**What you have to do**
Below are records to be repeated exactly. Leave their pictures behind.
···
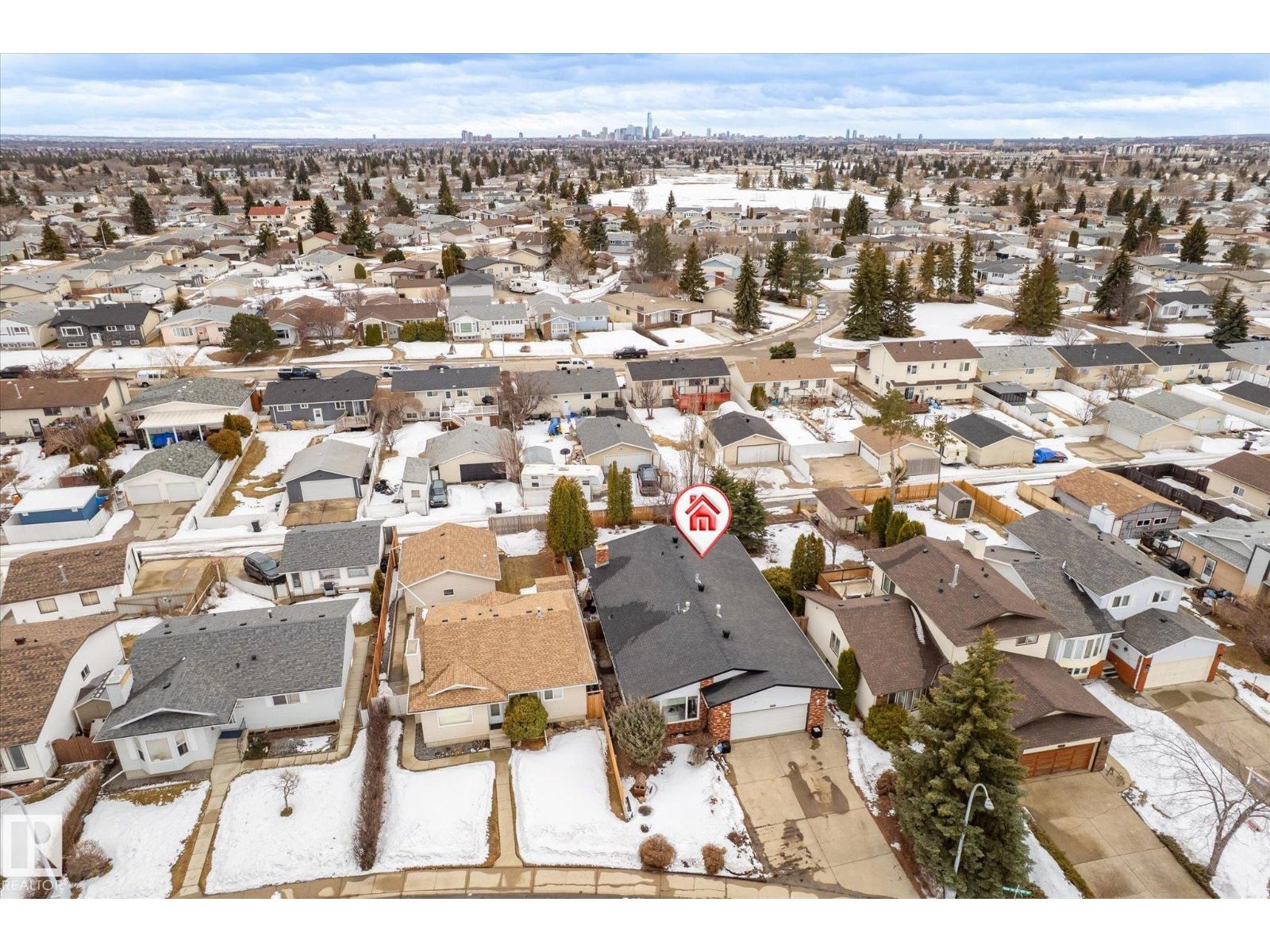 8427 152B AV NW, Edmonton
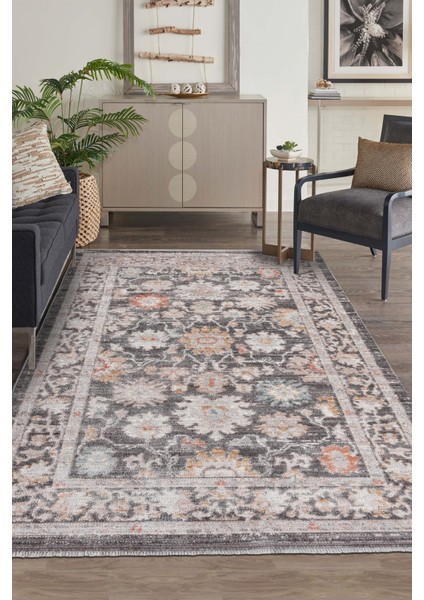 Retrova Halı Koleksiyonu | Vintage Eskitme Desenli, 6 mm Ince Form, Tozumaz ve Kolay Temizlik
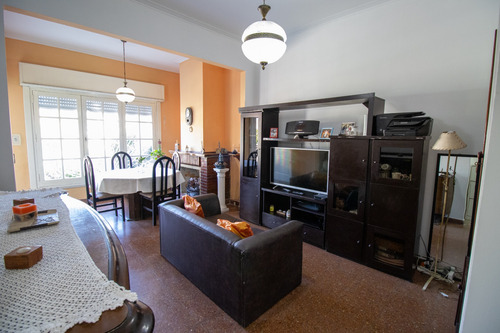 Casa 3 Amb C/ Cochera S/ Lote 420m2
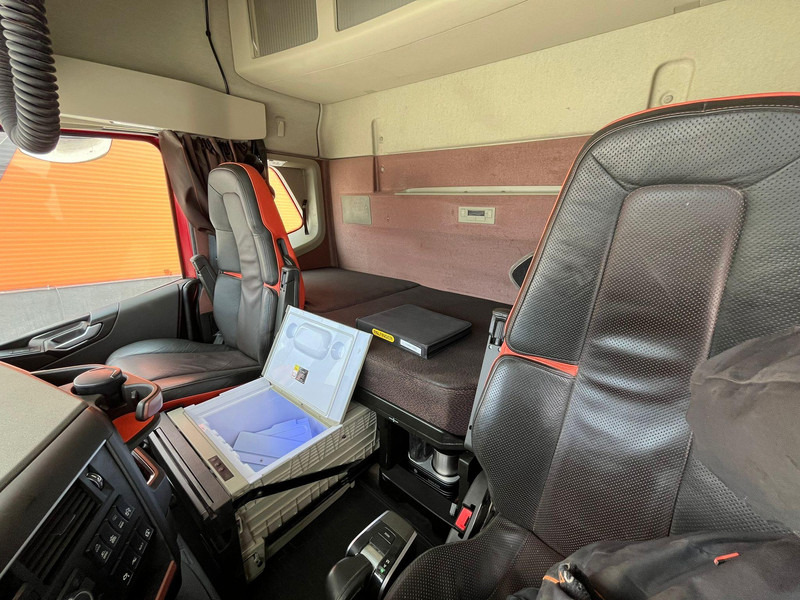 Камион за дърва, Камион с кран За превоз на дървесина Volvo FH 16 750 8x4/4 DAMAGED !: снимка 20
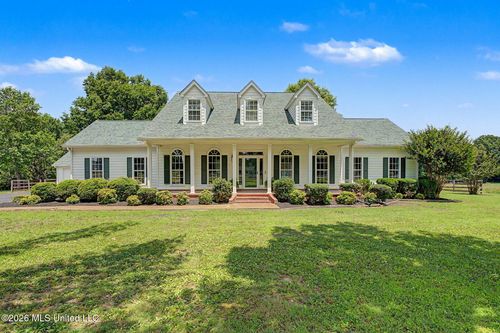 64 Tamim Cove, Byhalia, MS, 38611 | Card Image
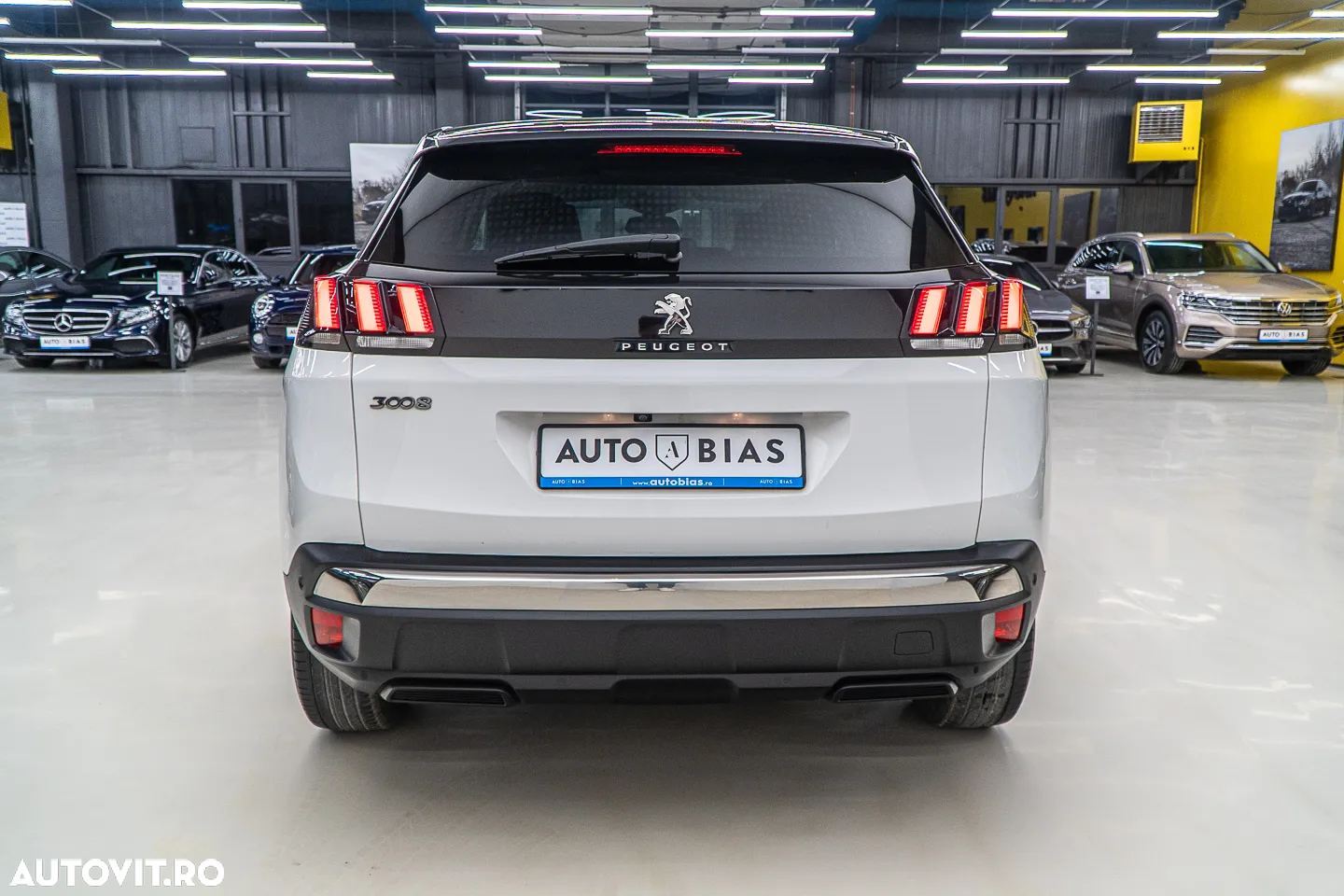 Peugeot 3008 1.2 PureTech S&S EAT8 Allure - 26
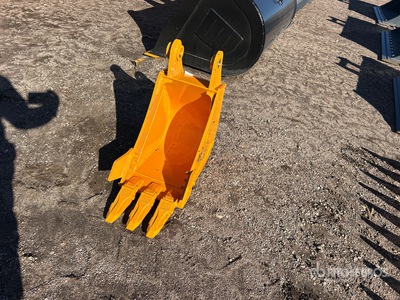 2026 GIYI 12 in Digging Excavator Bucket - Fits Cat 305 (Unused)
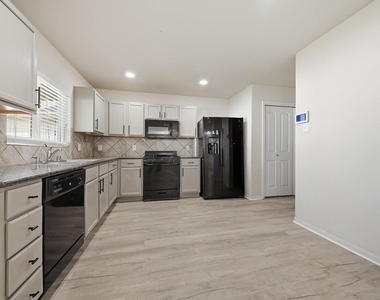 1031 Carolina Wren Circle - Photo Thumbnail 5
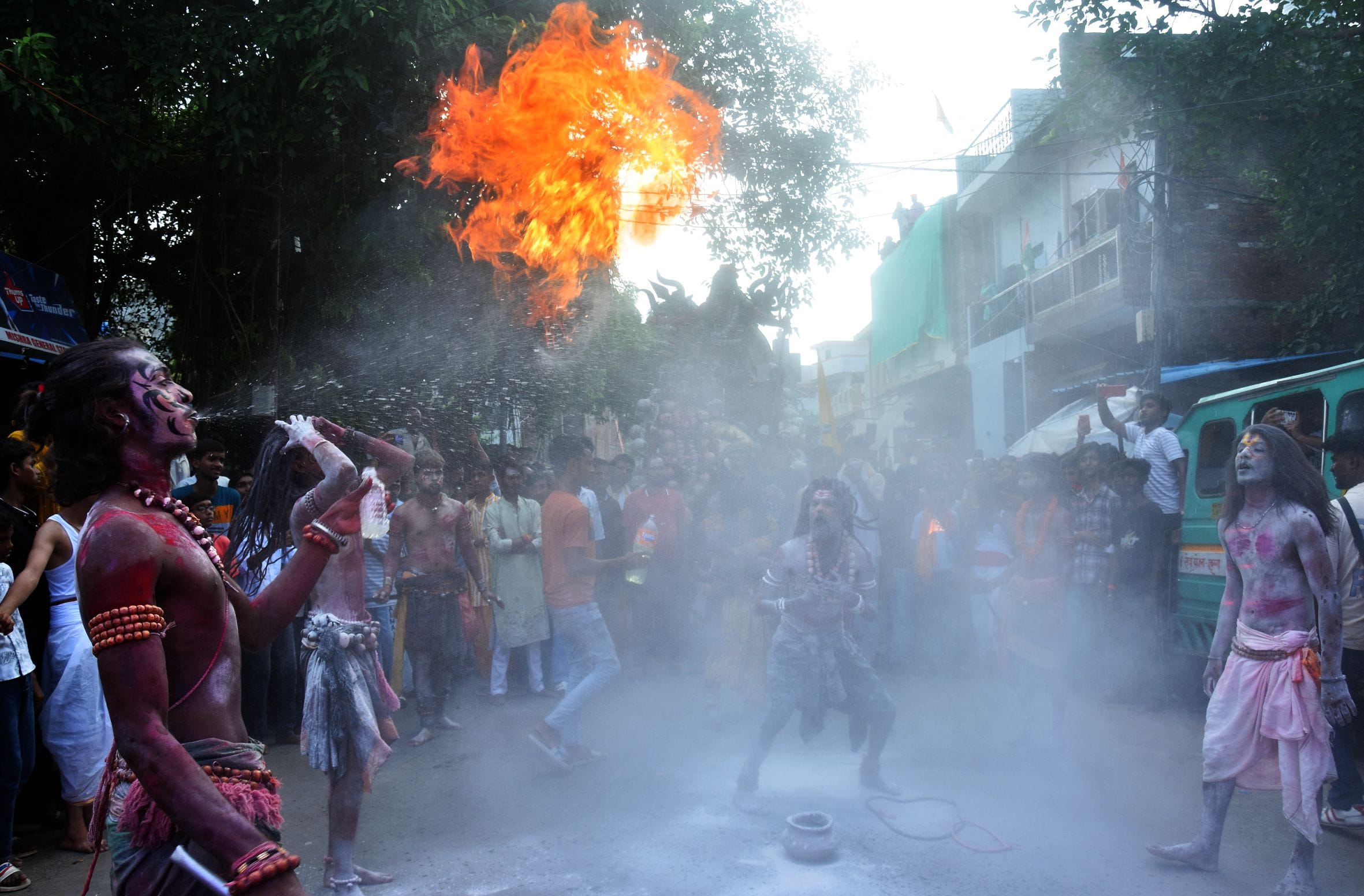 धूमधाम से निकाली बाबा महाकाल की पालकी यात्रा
···
**Written solution**
 8427 152B AV NW, Edmonton
 Retrova Halı Koleksiyonu | Vintage Eskitme Desenli, 6 mm Ince Form, Tozumaz ve Kolay Temizlik
 Casa 3 Amb C/ Cochera S/ Lote 420m2
 Камион за дърва, Камион с кран За превоз на дървесина Volvo FH 16 750 8x4/4 DAMAGED !: снимка 20
 64 Tamim Cove, Byhalia, MS, 38611 | Card Image
 Peugeot 3008 1.2 PureTech S&S EAT8 Allure - 26
 2026 GIYI 12 in Digging Excavator Bucket - Fits Cat 305 (Unused)
 1031 Carolina Wren Circle - Photo Thumbnail 5
 धूमधाम से निकाली बाबा महाकाल की पालकी यात्रा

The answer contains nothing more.